--- Brief ---
Keep the wording of the records intact as you retype them, and omit every image.

[Opening Records supplied section]

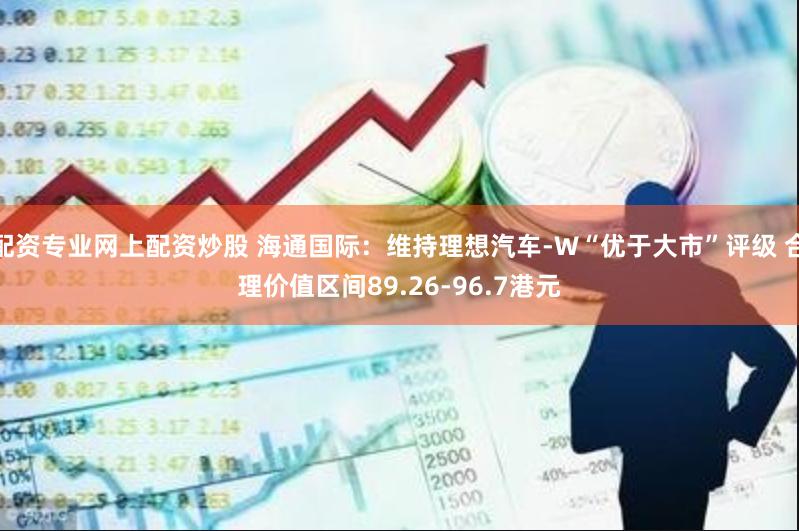 配资专业网上配资炒股 海通国际：维持理想汽车-W“优于大市”评级 合理价值区间89.26-96.7港元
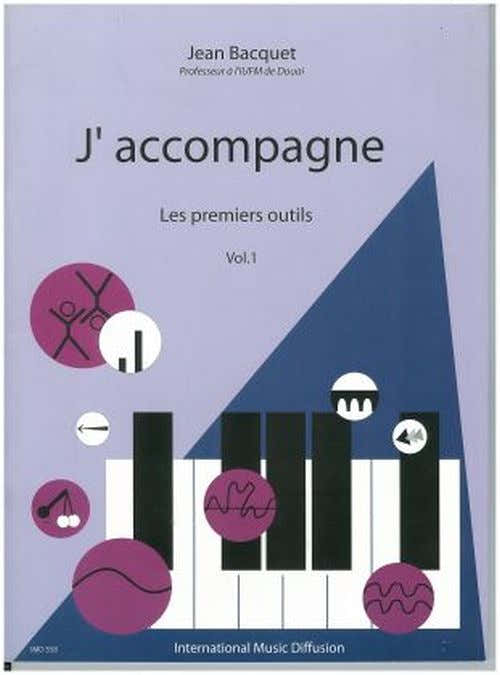 Bacquet - J'accompagne Vol.1 (les Premiers Outils) - Piano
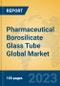 Pharmaceutical Borosilicate Glass Tube Global Market Insights 2023, Analysis and Forecast to 2028, by Manufacturers, Regions, Technology, Application, Product Type - Product Thumbnail Image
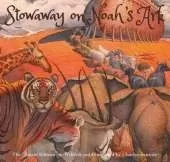A Stowaway on Noah's Ark: The Classic Edition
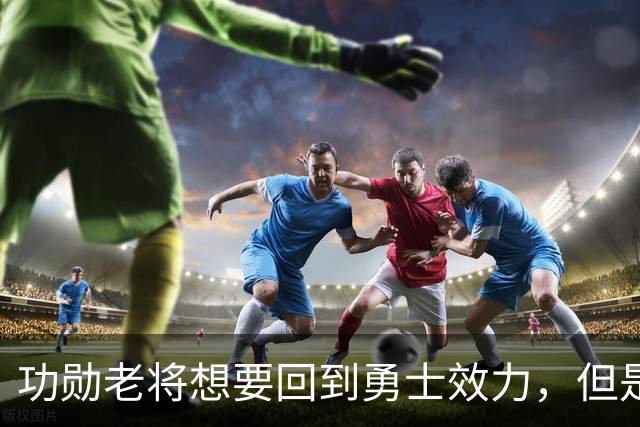 功勋老将想要回到勇士效力，但是看起来这一切短时间内不会发生？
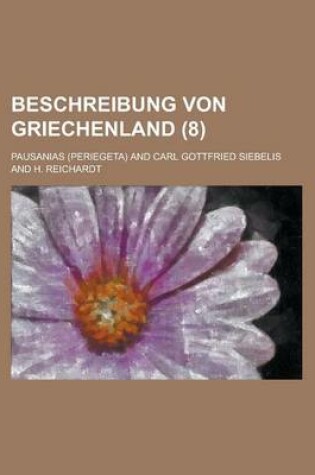 Cover of Beschreibung Von Griechenland (8 )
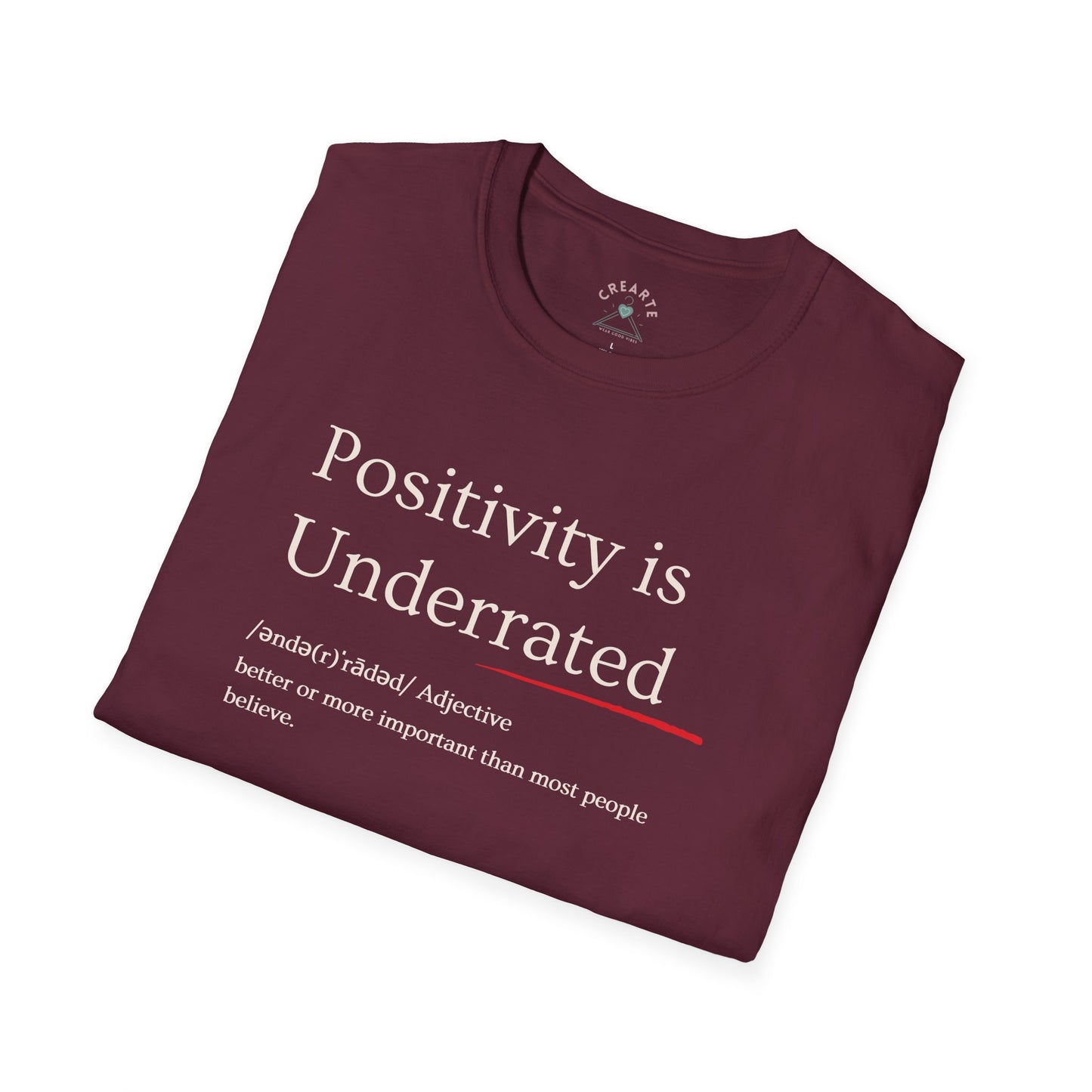 Positivity is underrated T-Shirt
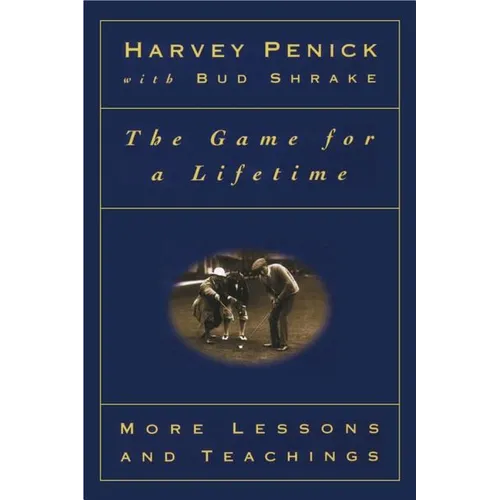 The Game for a Lifetime: More Lessons and Teachings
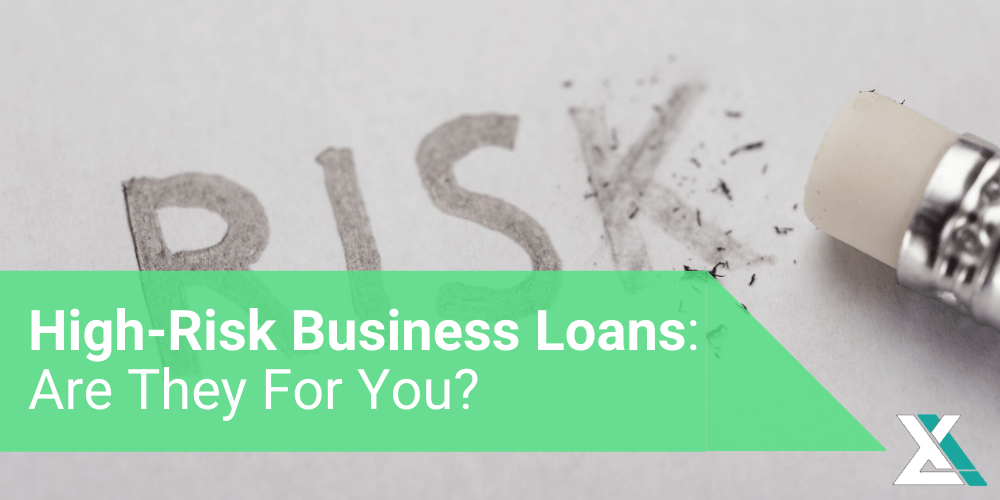 What Are High-Risk Business Loans? - Excel Capital Management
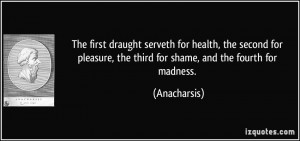 The first draught serveth for health, the second for pleasure, the ...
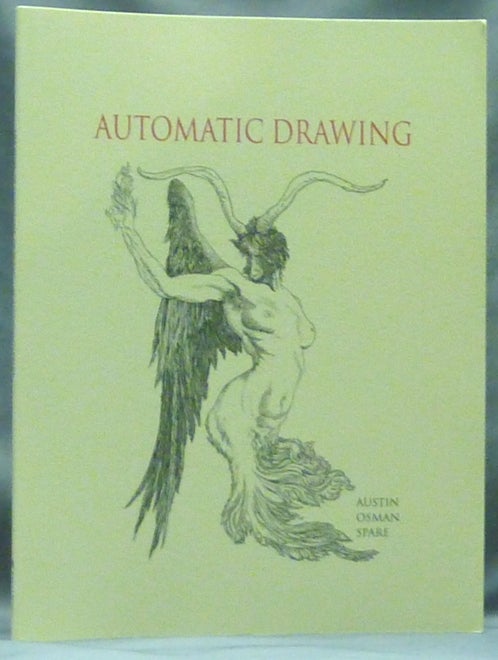 Item #60672 The Book of Automatic Drawing. with a., Hannen Swaffer, Austin Osman SPARE, Frederic Carter.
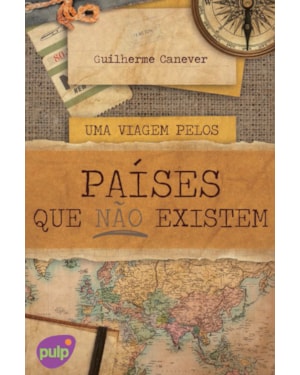 UMA VIAGEM PELOS PAÍSES QUE NÃO EXISTEM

[Closing Records supplied section]

--- Response for this exercise ---
 配资专业网上配资炒股 海通国际：维持理想汽车-W“优于大市”评级 合理价值区间89.26-96.7港元
 Bacquet - J'accompagne Vol.1 (les Premiers Outils) - Piano
 Pharmaceutical Borosilicate Glass Tube Global Market Insights 2023, Analysis and Forecast to 2028, by Manufacturers, Regions, Technology, Application, Product Type - Product Thumbnail Image
A Stowaway on Noah's Ark: The Classic Edition
 功勋老将想要回到勇士效力，但是看起来这一切短时间内不会发生？
 Cover of Beschreibung Von Griechenland (8 )
 Positivity is underrated T-Shirt
 The Game for a Lifetime: More Lessons and Teachings
 What Are High-Risk Business Loans? - Excel Capital Management
 The first draught serveth for health, the second for pleasure, the ...
 Item #60672 The Book of Automatic Drawing. with a., Hannen Swaffer, Austin Osman SPARE, Frederic Carter.
 UMA VIAGEM PELOS PAÍSES QUE NÃO EXISTEM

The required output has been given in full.